### What you are asked to do
The lines to return begin at the one containing "Item preview, Sky" and end at the final line of the material; output them exactly and only them.

### Given material
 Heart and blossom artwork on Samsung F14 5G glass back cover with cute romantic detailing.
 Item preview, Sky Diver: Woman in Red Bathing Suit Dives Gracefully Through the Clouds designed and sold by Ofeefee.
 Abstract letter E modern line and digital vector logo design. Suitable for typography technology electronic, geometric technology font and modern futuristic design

### Exercise solution
 Item preview, Sky Diver: Woman in Red Bathing Suit Dives Gracefully Through the Clouds designed and sold by Ofeefee.
 Abstract letter E modern line and digital vector logo design. Suitable for typography technology electronic, geometric technology font and modern futuristic design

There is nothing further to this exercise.